Di Sarasehan Media MUI, Sekum Muhammadiyah Usul Keberadaan Media Lintas Iman

JAKARTA — Sekretaris Umum Muhammadiyah, Abdul Mu’ti, menyampaikan agar ada media cetak/online baru yang menjadi wadah pertemuan lintas iman. Hal itu dia sampaikan saat mengisi Sarasehan Media MUI, Rabu (14/07) di Jakarta.

“Kita masih kurang media yang di situ kita sebut sebagai media intertaith. Selama ini intertaith masih dalam bentuk komunikasi masyarat lintas iman. Misalnya ada bapak-ibu beragama Nasrani, beragama Hindu, Budha, Konghuchu memiliki rumah masing-masing kemudian kita bertemu. Tetapi media yang dikelola bersama-sama lintas iman, itu masih kurang, ” ujarnya.

Dia menyampaikan, dulu sempat ada sejenis media bersama lintas iman bernama Nabil Foundation. Namun wadah itu kini tidak terdengar lagi kiprahnya. Keberadaan media lintas iman ini, kata dia, semakin memperluas pemahaman pemahaman masing-masing penganut agama.
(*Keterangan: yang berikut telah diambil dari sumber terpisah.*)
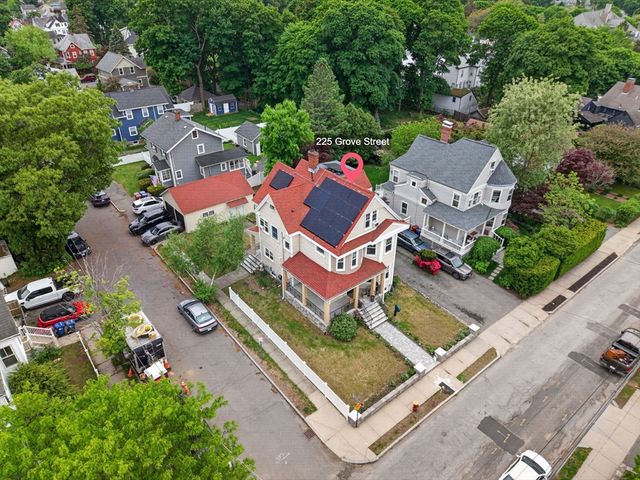 225 Grove St., Melrose, MA 02176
Sebab, selama ini, audiens media-media berbasis keagamaan cenderung homogen dan berasal dari internal agama bersangkutan. Fungsi media lintas iman itu, ujar dia, juga bisa menjadi jembatan komunikasi lintas iman yang efektif dan berkelanjutan.

Guru Besar UIN Jakarta ini menyampaikan, masalah media keagamaan selama ini bukan pada kualitas. Sebab, menurutnya, media-media berbasis agama yang resmi justru begitu serius dalam proses editing sampai berlapis-lapis. Masalah utamanya justru apa yang ditulis dengan serius itu tidak terdengar umat agama lain. Maka keberadaan media lintas iman di sini diperlukan.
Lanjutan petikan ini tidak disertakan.